First comprehensive spectroscopic monitoring of GW Lib during superoutburst, highlighting spectral evolution and the role of photoionized regions in the accretion disk.

Findings

Spectral features changed dramatically during the outburst phases.

Hα emission remained stable over orbital phases, indicating low inclination.

Comparison with WZ Sge suggests similar accretion disk phenomena.

Abstract

We carried out an international spectroscopic observation campaign of the dwarf nova GW Librae (GW Lib) during the 2007 superoutburst. Our observation period covered the rising phase of the superoutburst, maximum, slowly decaying phase (plateau), and long fading tail after the rapid decline from the plateau. The spectral features dramatically changed during the observations. In the rising phase, only absorption lines of H$\alpha$, H$\beta$, and H$\gamma$ were present.

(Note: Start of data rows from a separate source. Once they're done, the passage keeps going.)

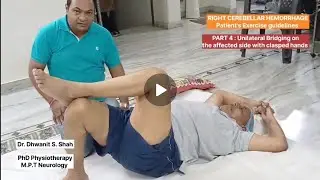 Part:- 4:- Acute Cerebellar Hemorrhage Patients Physiotherapy Exercises Guidelines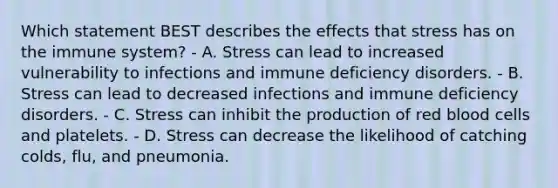 Which statement BEST describes the effects that stress has on the immune system? - A. Stress can lead to increased vulnerability to infections and immune deficiency disorders. - B. Stress can lead to decreased infections and immune deficiency disorders. - C. Stress can inhibit the production of red blood cells and platelets. - D. Stress can decrease the likelihood of catching colds, flu, and pneumonia.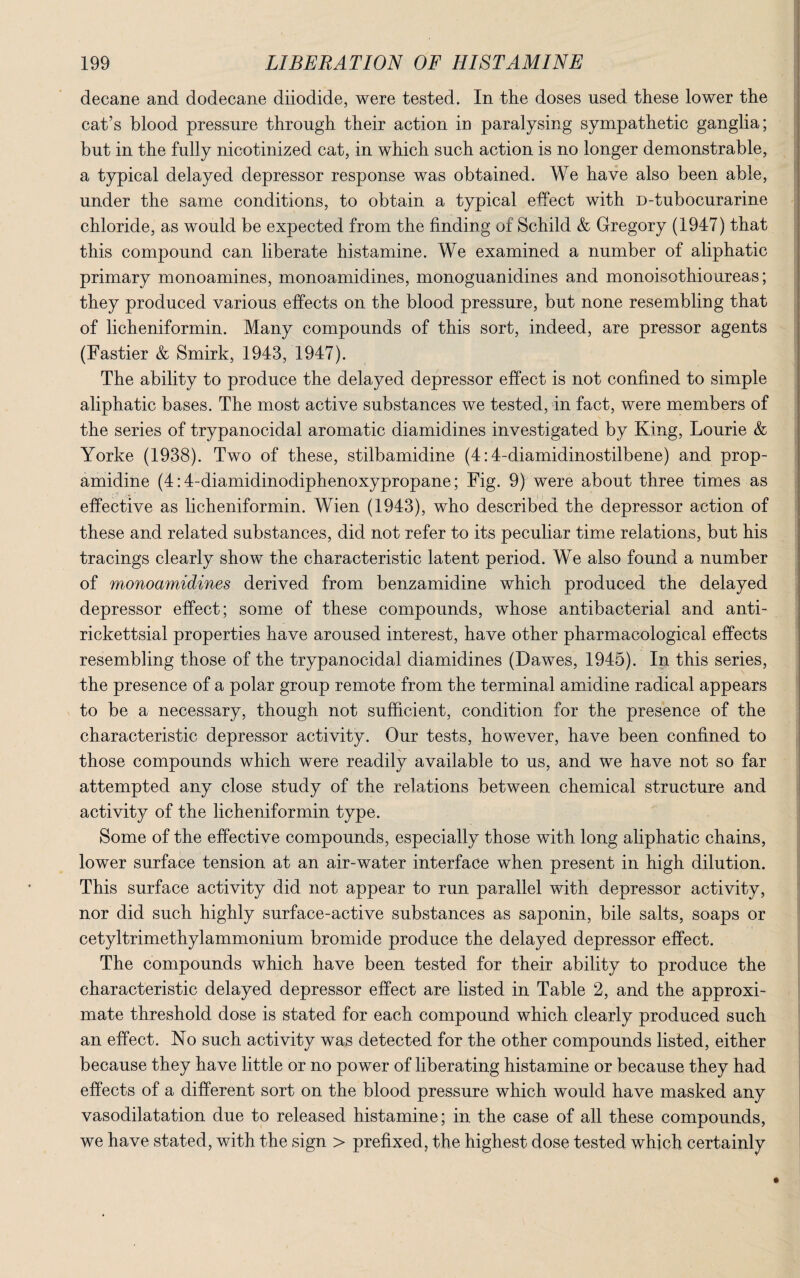 decane and dodecane diiodide, were tested. In the doses used these lower the cat’s blood pressure through their action in paralysing sympathetic ganglia; but in the fully nicotinized cat, in which such action is no longer demonstrable, a typical delayed depressor response was obtained. We have also been able, under the same conditions, to obtain a typical effect with D-tubocurarine chloride, as would be expected from the finding of Schild & Gregory (1947) that this compound can liberate histamine. We examined a number of aliphatic primary monoamines, monoamidines, monoguanidines and monoisothioureas; they produced various effects on the blood pressure, but none resembling that of licheniformin. Many compounds of this sort, indeed, are pressor agents (Fastier & Smirk, 1943, 1947). The ability to produce the delayed depressor effect is not confined to simple aliphatic bases. The most active substances we tested, in fact, were members of the series of trypanocidal aromatic diamidines investigated by King, Lourie & Yorke (1938). Two of these, stilbamidine (4:4-diamidinostilbene) and prop¬ amidine (4:4-diamidinodiphenoxypropane; Fig. 9) were about three times as effective as licheniformin. Wien (1943), who described the depressor action of these and related substances, did not refer to its peculiar time relations, but his tracings clearly show the characteristic latent period. We also found a number of monoamidines derived from benzamidine which produced the delayed depressor effect; some of these compounds, whose antibacterial and anti- rickettsial properties have aroused interest, have other pharmacological effects resembling those of the trypanocidal diamidines (Dawes, 1945). In this series, the presence of a polar group remote from the terminal amidine radical appears to be a necessary, though not sufficient, condition for the presence of the characteristic depressor activity. Our tests, however, have been confined to those compounds which were readily available to us, and we have not so far attempted any close study of the relations between chemical structure and activity of the licheniformin type. Some of the effective compounds, especially those with long aliphatic chains, lower surface tension at an air-water interface when present in high dilution. This surface activity did not appear to run parallel with depressor activity, nor did such highly surface-active substances as saponin, bile salts, soaps or cetyltrimethylammonium bromide produce the delayed depressor effect. The compounds which have been tested for their ability to produce the characteristic delayed depressor effect are listed in Table 2, and the approxi¬ mate threshold dose is stated for each compound which clearly produced such an effect. No such activity was detected for the other compounds listed, either because they have little or no power of liberating histamine or because they had effects of a different sort on the blood pressure which would have masked any vasodilatation due to released histamine; in the case of all these compounds, we have stated, with the sign > prefixed, the highest dose tested which certainly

Around the maximum, the spectrum showed singly-peaked emission lines of H$\alpha$, He I 5876, He I 6678, He II 4686, and C III/N III as well as absorption lines of Balmer components and He I. These emission lines significantly weakened in the latter part of the plateau phase. In the fading tail, all the Balmer lines and He I 6678 were in emission, as observed in quiescence. We find that the center of the H$\alpha$ emission component was mostly stable over the whole orbital phase, being consistent with the low inclination of the system. Comparing with the observational results of WZ Sge during the 2001 superoutburst, the same type of stars as GW Lib seen with a high inclination angle, we interpret that the change of the H$\alpha$ profile before the fading tail phase is attributed to a photoionized region formed at the outer edge of the accretion disk, irradiated from the white dwarf and inner disk.